Polomar Health Overhauls Board and Leadership, Forms Committee to Vet Related-Party Deal
The governance reset also trims the company’s equity plan evergreen from 10% to 3% and replaces bylaws that had been in place since 2000.
July 7, 2026

Polomar Health Services has reconstituted its board of directors, installed a new executive chairman, and formed a special committee to evaluate a proposed acquisition of intellectual property from entities affiliated with its preferred stockholders, in a sweeping governance overhaul that took effect July 1.
Board Reconstituted Under Preferred Holder Consent
The Palm Harbor, Florida-based company disclosed that David Spiegel and Terrence M. Tierney resigned from the board effective at 12:01 a.m. Eastern time on July 1. Tierney remains with the company as interim chief executive officer and its designated principal executive officer. The company said neither resignation stemmed from any disagreement over its operations, policies, or practices.

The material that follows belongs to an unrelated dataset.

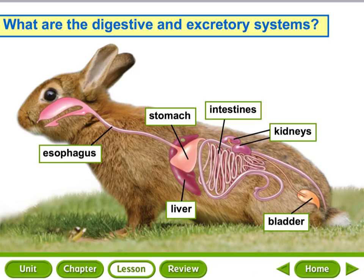For those fifth graders that want the simple version — the digestive system helps you with number two, and the excretory system helps you with going number one. That's how the digestive and excretory systems work together.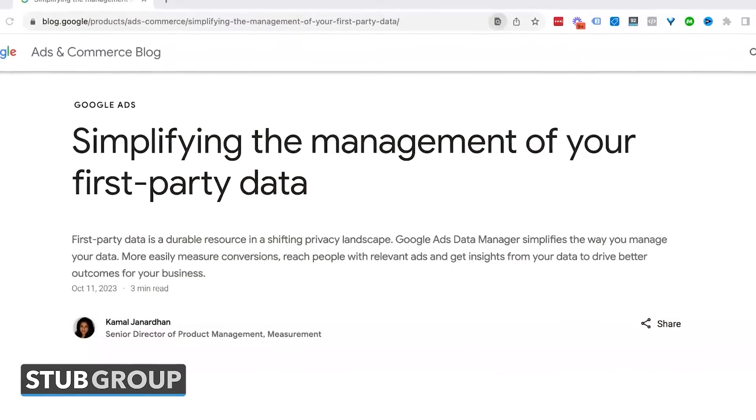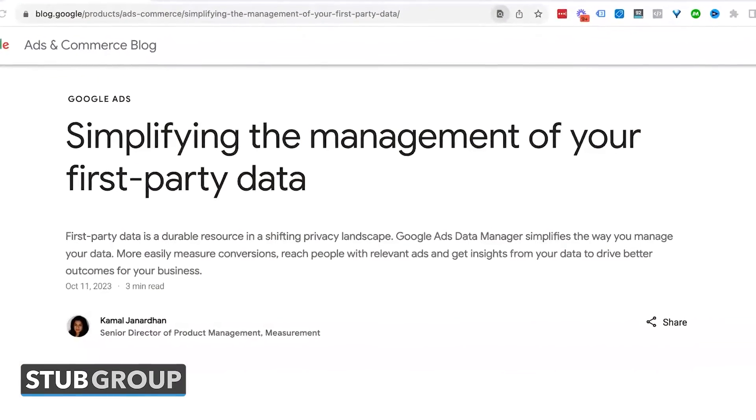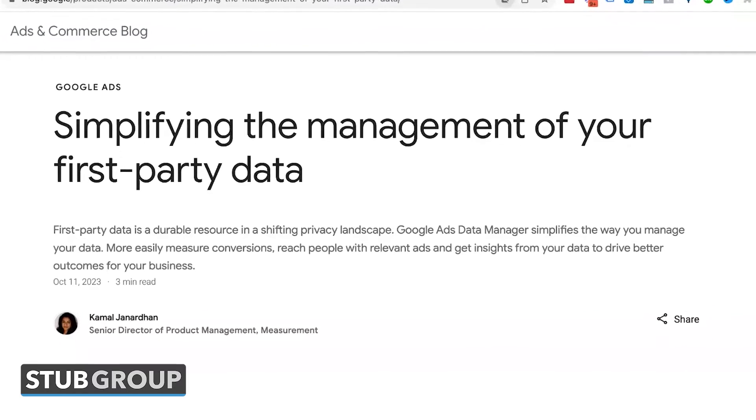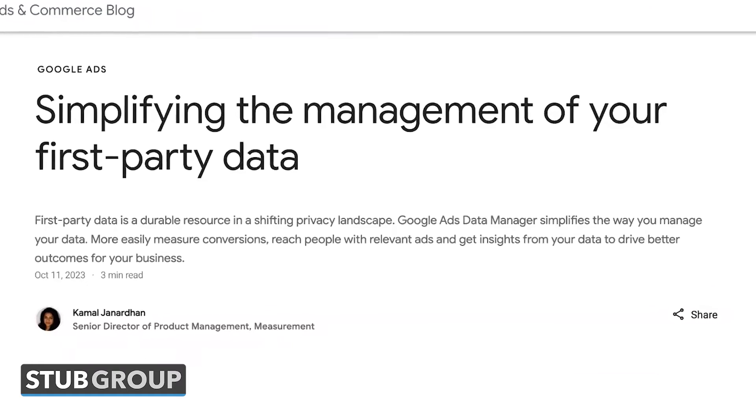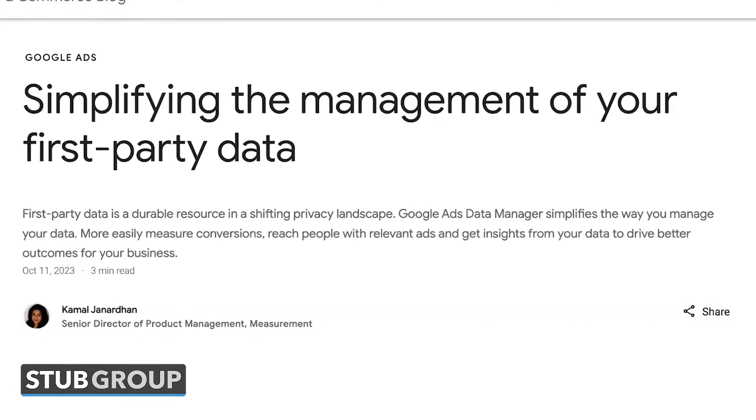This new feature that Google has just announced they're going to release in early 2024 is called Google Ads Data Manager. This is a product that they're building — it's going to be free to advertisers, and it's going to connect and integrate with your Google Ads account and the different platforms you use in the back end to capture customer data.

The board simultaneously fixed its size at five members and elected four new directors — George Hornig, Alexandra Peterson, Gabrielle Toledano, and George Caruolo — while incumbent Gabriel Del Virginia continues in office. Each director will serve until the next annual meeting of stockholders. The restructuring and related governance actions were approved by written consent of all holders of the company’s Series A Convertible Preferred Stock, including majority holder CWR 1, LLC, as required under the certificate of designations governing that series. The company said there were no other arrangements or understandings behind the new directors’ elections.
Committee assignments accompanied the reset:
- Audit: George Caruolo (chair), who was also designated lead independent director, joined by Gabriel Del Virginia and Gabrielle Toledano
- Compensation: Gabrielle Toledano (chair), with Alexandra Peterson and Gabriel Del Virginia
- Nominating and corporate governance: Gabriel Del Virginia (chair), with Alexandra Peterson and George Caruolo
Special Committee to Vet Insider-Affiliated Asset Purchase
Perhaps most consequentially, the board established a special committee composed of Toledano, as chair, and Peterson to review, evaluate, negotiate, and make recommendations on a proposed acquisition of certain intellectual property and related assets from entities affiliated with holders of the Series A preferred stock. The board determined both members are independent and disinterested with respect to the committee’s mandate, and it committed not to approve any such transaction without the committee’s prior favorable recommendation. The committee is authorized to retain independent legal counsel and an independent financial advisor, including for purposes of a fairness opinion.
New Executive Chairman and General Counsel
On the officer side, Hornig was appointed executive chairman, an executive officer position, and elected chair of the board. Timothy M. Papp was appointed secretary and general counsel. Papp brings more than two decades of experience advising public and private companies on corporate governance, mergers and acquisitions, securities compliance, and complex litigation, having served as general counsel to a portfolio of publicly traded and privately held biopharmaceutical, life sciences, and technology companies.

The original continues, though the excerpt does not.